The majority of politicians of the north who followed Kandiah's generation of the north had deserted the noble path that people like him trod on. Most of them had taken to extol the virtues of the terrorist groups and want only to divide the country. Listening to the Tamil political `thambys' even in parliament today one begins to wonder whether most of them possess humanist or animist traits of character.
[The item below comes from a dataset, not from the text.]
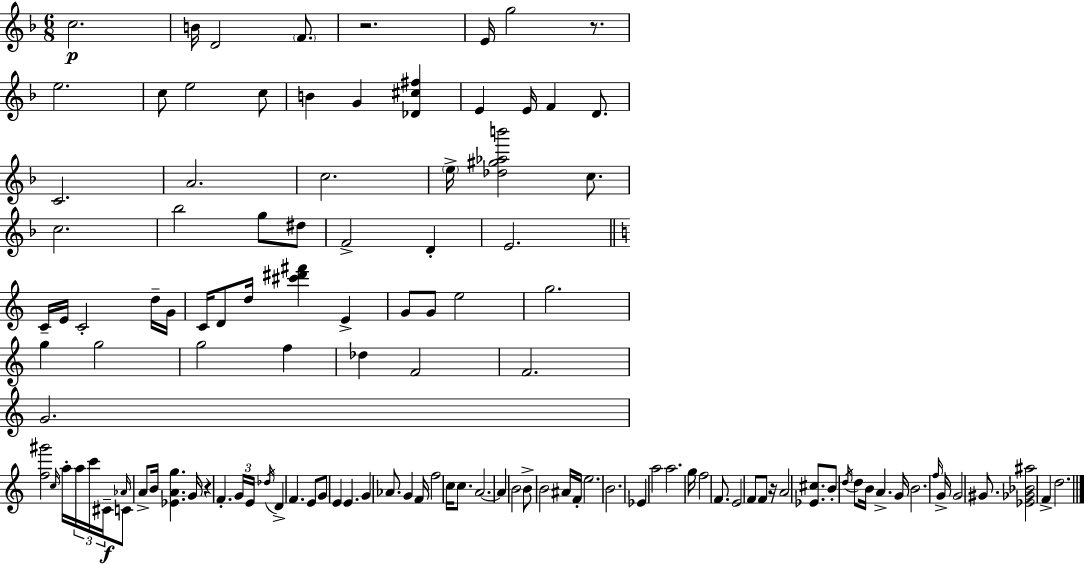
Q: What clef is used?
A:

Kandiah was one of the first politicians from the North to propose devolution of power as one of the factors that could achieve unity among the north and the south. He was a kind, soft spoken man, not cut out to be a politician bawling atop platforms, a scholar who had the patience to engage in research.

The very first time we met him in Colombo was in 1957 teaching a group of working class people at the Workers Centre, Slave Island. The subject he taught was economics and banking. Of course he did not charge for his classes.

It was an honorary exercise and a service for the working class of Colombo.

His next labour of love was reorganizing the Colombo public library that was so disorganized that it could take anything between 15 minutes and one hour to find a book in it. Kandiah volunteered to help the Colombo Public Library and reorganized under the methods of library science that he had also qualified in library science. After he reorganized the public library in the late 1950s it became a real library not a building with book racks in disorder.

P. Kandiah who had his schooling at Hindu College Jaffna, and after completing his school education he entered the university of London and later earned a master's degree in economics from the Cambridge University. It was during that time he met the Sri Lankan students Pieter Keuneman. S. A. Wickramasinghe and others who too were fascinated with the marxist ideas. In 1943 after his return to Sri Lanka he joined the other young leftists and was one of the founders of the Ceylon Communist Party.

He was very active among the working class and he spent almost all his time in Colombo working among people of all three communities as all of them were his comrades.

One could not forget that he was never ruffled or hasty but very patient and thoughtful when he taught others what he had learned. At the budget debates he was even more skilled than even Dr.N.M.Perera or most others in the opposition.

During the budget debate of 1957 Kandiah proved in Parliament that the statistics provided by the then Finance Minister were wrong and he produced the corrected statistics to the amazement of the Speaker and the House. He said the budget did not have a plan and was a reflection of a sad state of affairs of a government without a plan. But it was 14 governments in one. Each minister is a government!

However, critical or incisive his speeches were, he was uncompromising on the unity of the working class for whom he worked and lived. For him there was no racial or ethnic division but the motivation to unite all communities. The good die young. Ponnambalam Kandiah was only 46 years old when he died in September 1960.